Surveys were conducted at baseline, end of the intervention, and 12 months after the intervention by investigators from Tsinghua University during school hours to collect information on students, as well as to assess sexual knowledge and attitudes. Students were instructed by investigators to submit their answers using an online survey platform (SojumpTech Co. Ltd., Shandong, China). Investigators were responsible for checking data completeness.

2.4. Sociodemographic Characteristics

Baseline sociodemographic information on each student—namely, sex (Male or Female), age, hukou (Rural, Urban, or Unknown), ethnicity (Han or Others), whether they have had sexual practice before the baseline survey (Yes or No), and whether their parents were divorced (Yes or No), were also collected as covariates in this trial. The existing literature confirms that these covariates are associated with sexual knowledge and attitudes [1,27].

2.5. Randomization

The study was a clustered randomized trial, and randomization was conducted at the school and classroom levels. The study employed two stages of randomization. At the first stage, the six eligible schools were randomly assigned to either intervention or control arms using a program-generated random number by an investigator from Tsinghua University. At the second stage, two or three classrooms per school were randomly selected for the trial. Seven classrooms from the three schools assigned to the intervention arm were selected, and seven classrooms from the three schools assigned to the control arm were selected. The nature and the purpose of the trial were explained by investigators. Students with parental consent were included in the study. A teacher in the classroom was responsible for collecting parental consent. Parental consent forms were kept by the research staff.

2.6. Blinding

Due to the nature of the intervention, neither participants nor statisticians were blinded to the assignments. Investigators who conducted the baseline survey and delivered the follow-up tests were blinded.

2.7. Statistical Analysis

Participants’ demographic characteristics at baseline between the two arms were compared. Descriptive analyses were also conducted to assess attrition rates between the intervention and control arms, and to examine whether participants lost to follow-up had different characteristics, compared with those remaining in the trial. Categorical variables were compared using the chi-square test, and continuous variables were compared using a t-test.
A generalized linear model (GLM) for repeated measurements analysis was performed to examine the intervention’s effects on students’ sexual knowledge and attitudes. The model includes a term indicating the intervention group, two terms indicating the survey round, and their interaction terms. The coefficients of the interaction terms represent the patterns of change over time between the intervention and control arms, which are the intervention effects in the trial. Demographic characteristics were adjusted as fixed effect terms. For the dependency of repeated observations within an individual and the interdependency of participants within a school, two random intercepts representing individual and school were added to the model. Although some studies suggested excluding the intervention term from the model [28], we kept it as a fixed effect term in the main analysis and then excluded it during the sensitivity analyses. To explore the potential interaction effect of intervention and sex, subgroup analysis by sex was conducted, adjusted for the same variables in the main analysis.
To avoid potential issues related to multiple testing, the maximum probability of type I error was calculated and reported under the condition that two null hypotheses were true (i.e., the intervention has no effects on adolescents’ sexual knowledge, and it has no effects on adolescents’ sexual attitudes). To assess the robustness of the results, sensitivity analyses were performed. First, GLM was performed without the intervention term. Second, the analysis was restricted only to students who completed all three surveys to test the effect of students lost to follow-up on the association. All data processing and statistical analyses were performed using R 4.0.0 (R Core Team, 2020).

3. Results

3.1. Participants and Recruitment

Figure 1 presents the flow diagram of the inclusion and exclusion of students.
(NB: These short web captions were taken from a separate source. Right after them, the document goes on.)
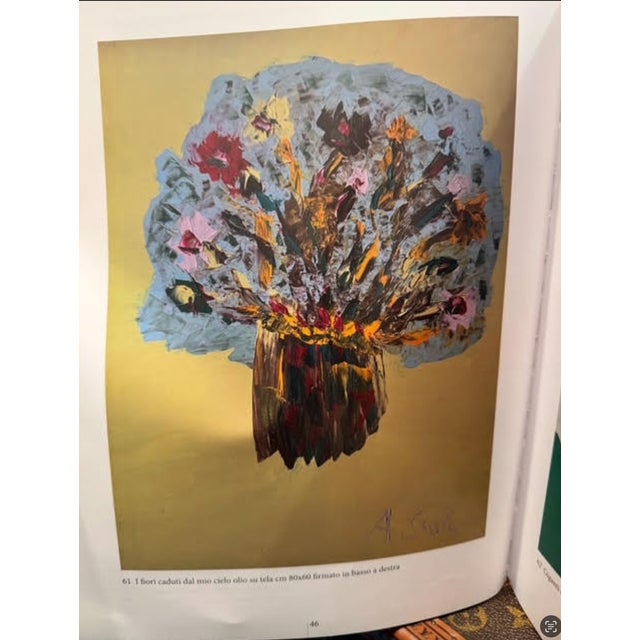 Armando Stula, Flowers, Oil Painting on Canvas, 1960s For Sale - Image 10 of 11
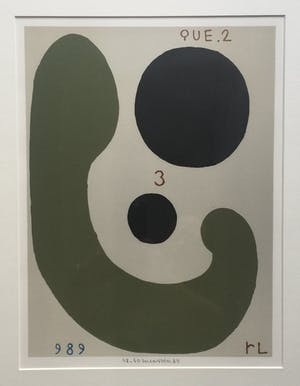 Reinier Lucassen - zeefdruk ‘QUE-2’ - 1989 - oplage 60 - ingelijst. kopen? Bied vanaf 150!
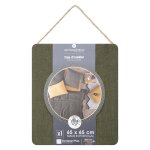 Taie d'oreiller 65x65 en lin 100% vert kaki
A total of 539 students from 6 schools were invited to participate in the trial between 21 October 2018 and 25 October 2018. Parents or guardians of 284 students (response rate = 97.59%) in the intervention group and 248 students (response rate = 98.39%) in the control group gave consent for participation. Students without their parents’ consent were excluded from the intervention and the sexuality education courses. The baseline survey was conducted as soon as the recruitment in the cluster was complete. The intervention ended when the class completed all the eight sessions in the package. The first follow-up survey was performed between 23 December and 27 December 2018. The second follow-up survey was conducted between 23 December and 24 December 2019.

3.2. Baseline Survey

The characteristics of participants at baseline are presented in Table 1. Except for participants’ age (p = 0.012) and hukou (p < 0.001), there were no significant differences between the two arms. On average, participants in the intervention group were 0.2 years older than participants in the control group. More participants in the intervention group reported their hukou as unknown, compared with participants in the control group (16.29% vs. 7.59%), whereas more participants in the control group reported their hukou as urban, compared with participants in the control group (27.85% vs. 15.91%). The proportion of participants with rural hukous were similar in the two intervention arms (67.80% vs. 64.56%). The majority of participants were Han Chinese (n = 491, 98.73%), and reported never having had sexual practice before the baseline survey (n = 493, 98.48%). About one-tenth of participants (n = 55, 10.98%) reported their parents divorced. At baseline, the intervention group demonstrated lower average knowledge scores (3.81 vs. 4.48, p = 0.004) and lower average attitude scores (7.73 vs. 7.98, p = 0.016), compared with the control group.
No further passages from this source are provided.